L’Atelier Montex s’est initialement fait connaître pour ses tissus brodés vendus au mètre destinés aux maisons de couture parisiennes. Un savoir-faire bien différent de celui de la maison Lesage puisque celle-ci ne fournit pas de tissu au mètre mais vient broder à la demande des matières précieuses sur des échantillons précis ou  des pièces spécifiques. Si la broderie évoque l’image du travail minutieux réalisé à la main, point par point, exigeant une main-d’œuvre nombreuse, ce travail peut – comme le démontre l’Atelier Montex – être assisté de divers outils permettant d’appliquer des matériaux variés sur de plus grandes surfaces. En effet, depuis sa fondation, Montex n’a cessé de faire évoluer son savoir-faire et maîtrise dorénavant une multiplicité de techniques de broderie bien particulières. Il est notamment spécialiste de la broderie au crochet de Lunéville : une technique consistant à enfiler des perles et à fixer le fil qui les tient en un point de dentelle. Cet atelier d’excellence se sert également de l’aiguille et de la machine Cornely, permettant de piquer sur le tissu toutes sortes de matières : des cordelettes, des galons, ou des paillettes en quantité. Pampilles, strass, perles, cristaux constituent l’ensemble des fournitures de la maison… Capable de combiner à l’infini ces possibilités techniques et ces matériaux, l’Atelier Montex ne cesse de repousser les limites de l’imagination pour élaborer des tissus toujours plus novateurs et inspirants se prêtant à toutes les fantaisies créatives des designers.

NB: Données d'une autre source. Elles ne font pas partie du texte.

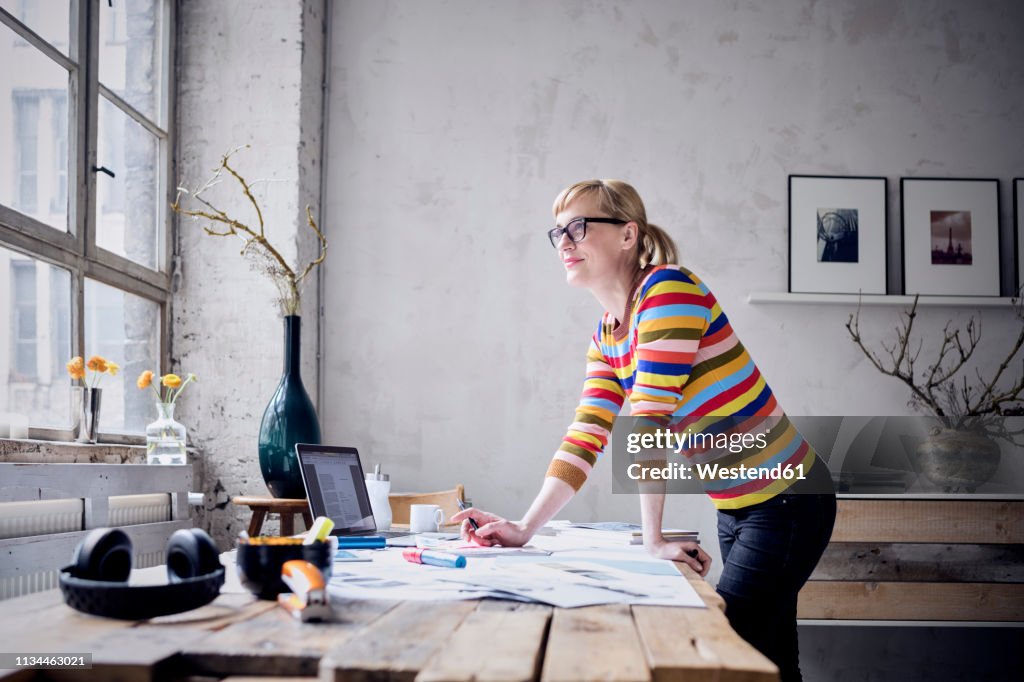 Portrait of smiling woman standing at desk in a loft looking through window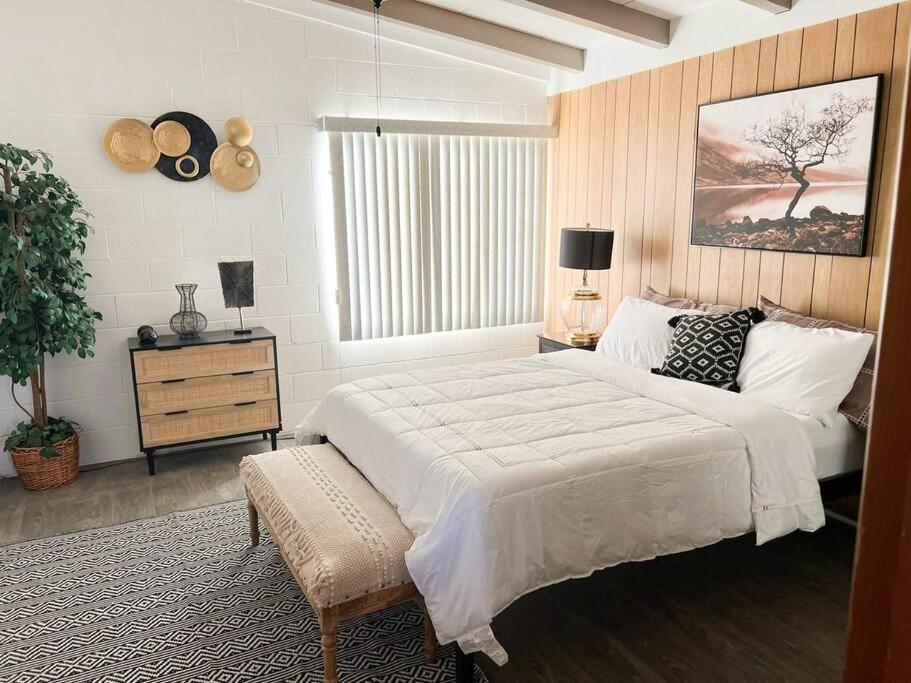 a bedroom with a large white bed and a window at Joshua Tree National Park - Cozy Palms Getaway in Twentynine Palms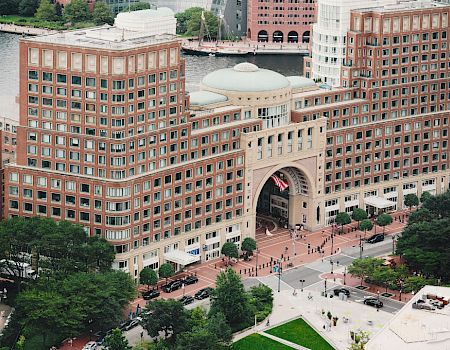 The image shows an archway building by the waterfront with people walking around and trees surrounding it.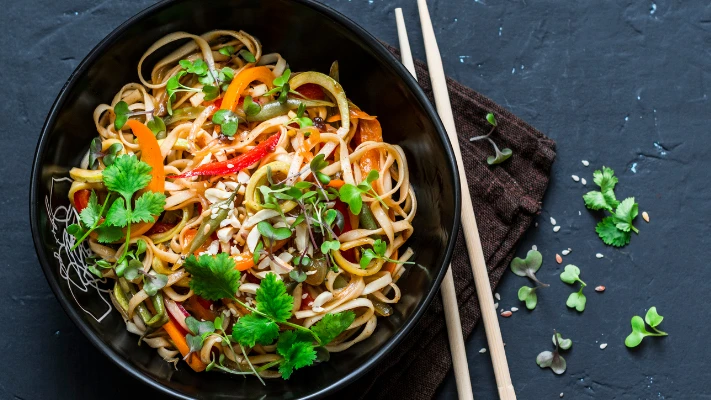 chicken noodles and vegetables in a pan alongside chop sticks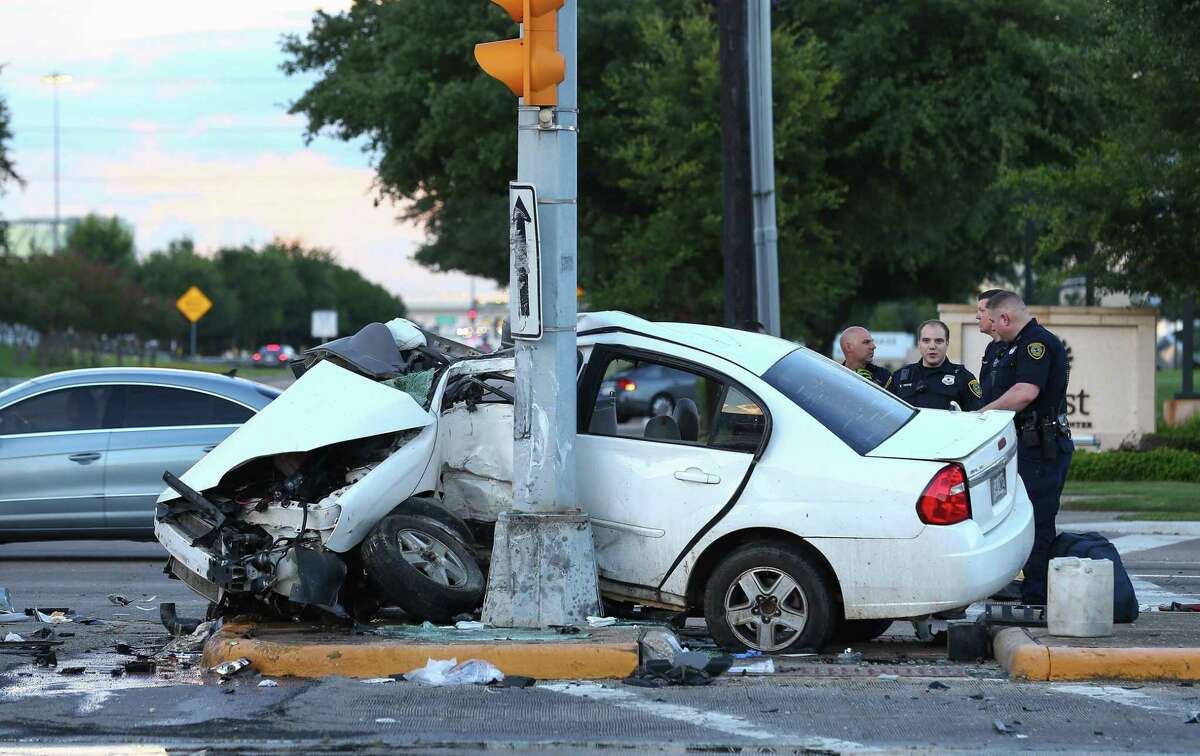 In Houston, home to some of the nation’s deadliest roads, there’s a high chance you or someone you know will get into a crash. Houston police officers respond to a two-vehicle accident at the intersection of West San Houston Parkway South and Richmond Avenue Tuesday, July 18, 2017, in Houston. ( Godofredo A. Vasquez / Houston Chronicle )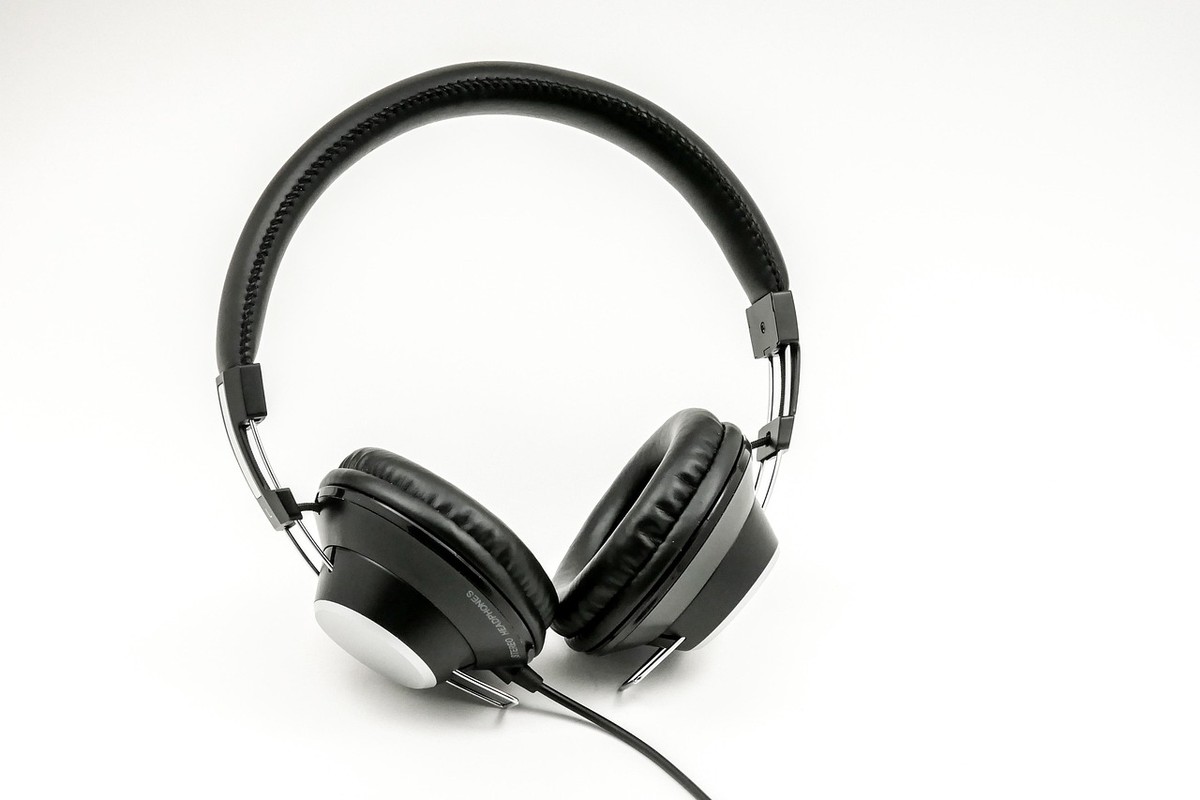 Casque audio noir posé sur fond blanc, câble visible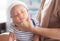 The Soft focus photo of mother, mom using hand Hold baby to help a baby newborn infant belch burping after breastfeeding milk to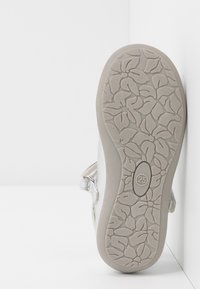 Sandale argentée avec une semelle en caoutchouc texturé et flexible, ornée d'un motif floral, et une sangle Velcro pour un maintien sécurisé. Taille 25 visible.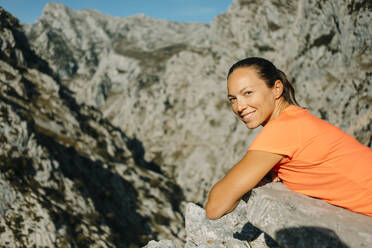 Mittlere erwachsene Frau lächelt, während sie sich auf einem Felsen am Cares Trail im Nationalpark Picos De Europe, Asturien, Spanien, ausruht - DMGF00459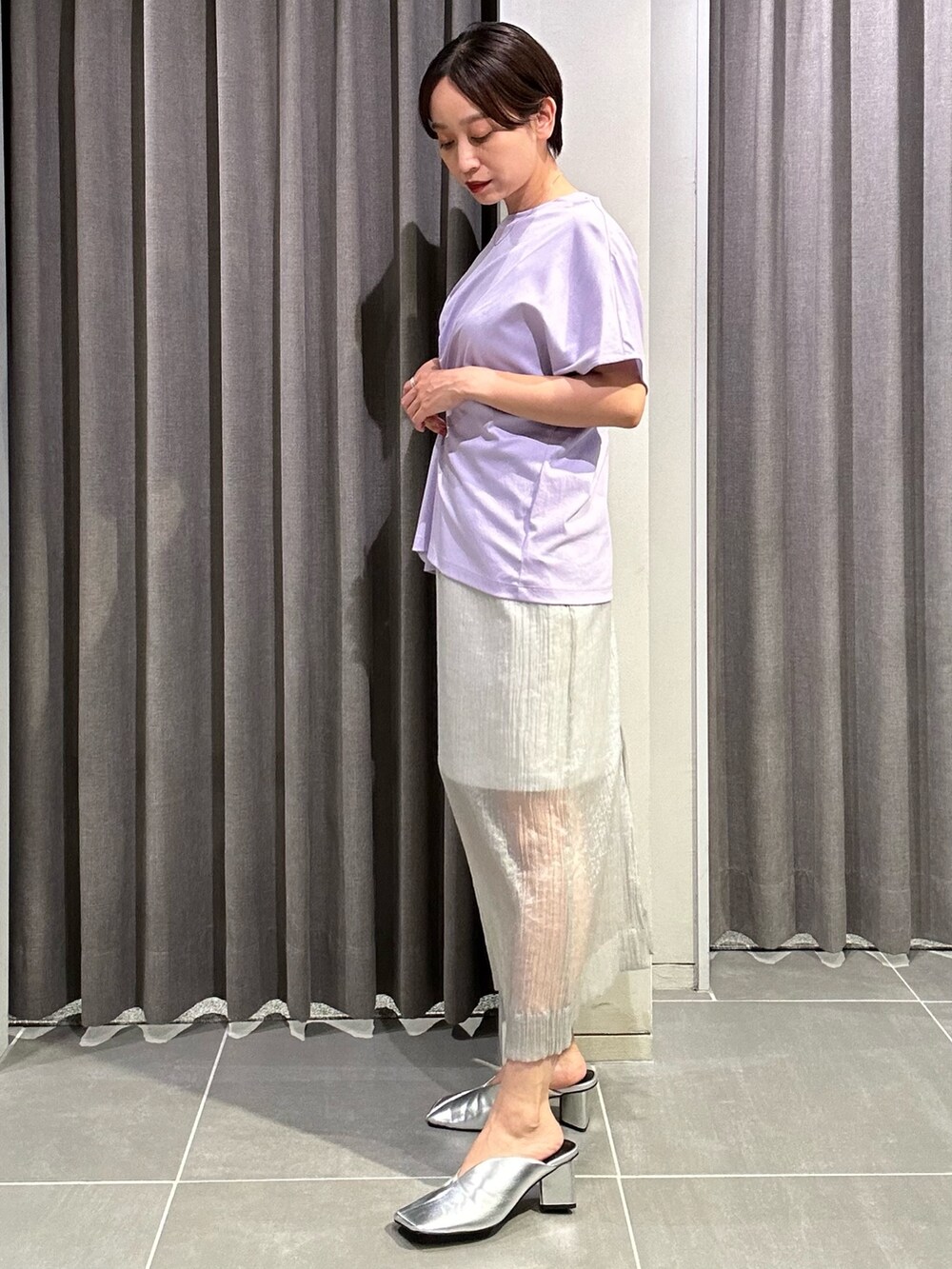 パープル系のTシャツ/カットソー、グレー系のスカート、シルバー系のパンプスを着用したレディースの夏コーディネートの4枚目の写真
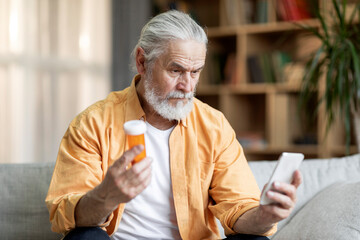 Concentrated senior man holding medicine and smartphone - Powered by Adobe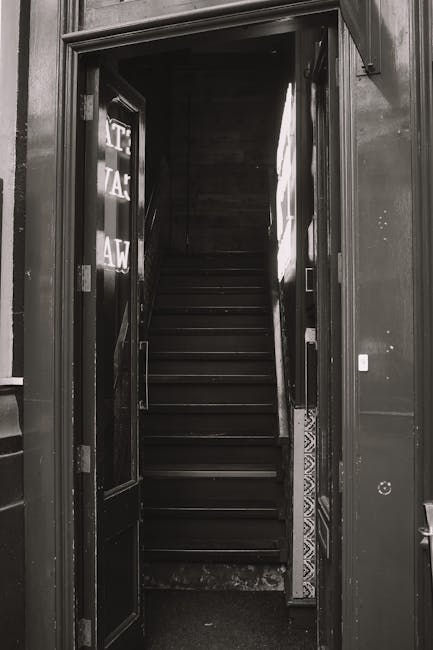 A black and white photograph showing a narrow staircase inside a building, viewed through an open doorway. The staircase has dark wooden steps with no visible handrails, and is positioned in a confined space with limited room for maneuvering large furniture. To the left side of the doorway, there is a partially visible door with a glass panel that has reflective writing on it. The surrounding wall is dark, and the lighting inside appears dim, emphasizing the tight access point. This image relates to a house relocation scenario where moving services such as Man With a Van Wapping are preparing to navigate the staircase for furniture transport. The compactness of the staircase highlights the challenge of moving in properties with restricted entry points, often requiring careful handling and strategic packing of belongings.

Échantillon de broderie Atelier Montex ©Chanel

Si l’excellence de l’Atelier Montex a donné ses lettres de noblesse à ce métier d’artisan, elle l’a aussi aidé à traverser les époques. Les directeurs artistiques qui se sont succédé au sein de l’Atelier Montex ont notamment su faire évoluer ses propositions créatives pour répondre à de nouveaux besoins. L’arrivée, au début des années 1980, d’Annie Trussart à la direction artistique a notamment donné un coup de fouet à la maison pour l’orienter vers un univers précieux. Sa parfaite connaissance de la broderie associée à sa passion de l’architecture lui permet de mélanger les influences pour explorer de nouveaux terrains créatifs. Elle crée des motifs uniques, dessinés exclusivement pour chaque modèle, met au point des associations de matières inédites, et imagine ainsi des échantillons de broderie en phase avec l’époque, à l’instar de la dentelle brodée sur du papier journal, ou encore des spirales en perles baguettes tri-dimensionnelles, montrant l’éventail infini des possibilités dans le domaine de la création textile. Une technicité qui n’est pas cantonnée aux seules frontières de la mode et peut intéresser bien d’autres sphères du design. Au-delà du prêt-à-porter de luxe et de la haute couture, cette approche novatrice conduit ainsi la maison à développer, trente ans après, un nouveau département dédié aux projets de décoration et d’architecture intérieure. Nommé studio MTX, celui-ci développe des broderies graphiques, libérant ce délicat ornement de ses matériaux traditionnels en l’interprétant sur du mobilier de la vie de tous les jours. Respectivement rachetés par les Métiers d’art de Chanel en 2002 et 2011, les maisons Lesage et Montex avancent dorénavant main dans la main, participant à faire vivre le savoir-faire des brodeurs à travers le monde. Si elles continuent à collaborer avec de grandes maisons de mode, leurs savoir-faire exceptionnels s’illustrent aussi lors des défilés haute couture et Métiers d’art de Chanel depuis le début des années 2000.